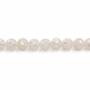 Perles de mosaïque en coquillage naturel, rond, diamètre 8mm, trou 1mm, environ 50 perles/brin 15~16"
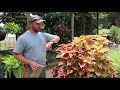 trial gardens at uga proven winners colorblaze coleus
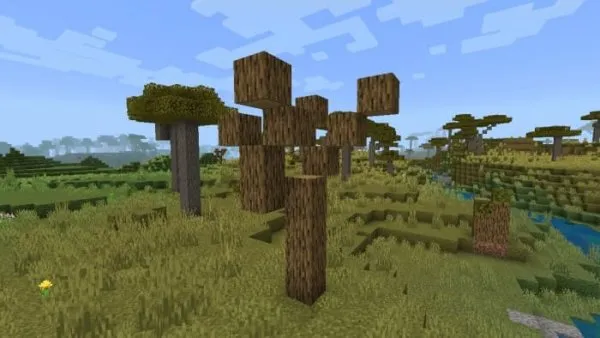 Dead Oak Tree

WHAT YOU ARE ASKED TO DO
An exact copy of the listing is required; return it without any pictures.

TASK RESPONSE
 Perles de mosaïque en coquillage naturel, rond, diamètre 8mm, trou 1mm, environ 50 perles/brin 15~16"
 trial gardens at uga proven winners colorblaze coleus
 Dead Oak Tree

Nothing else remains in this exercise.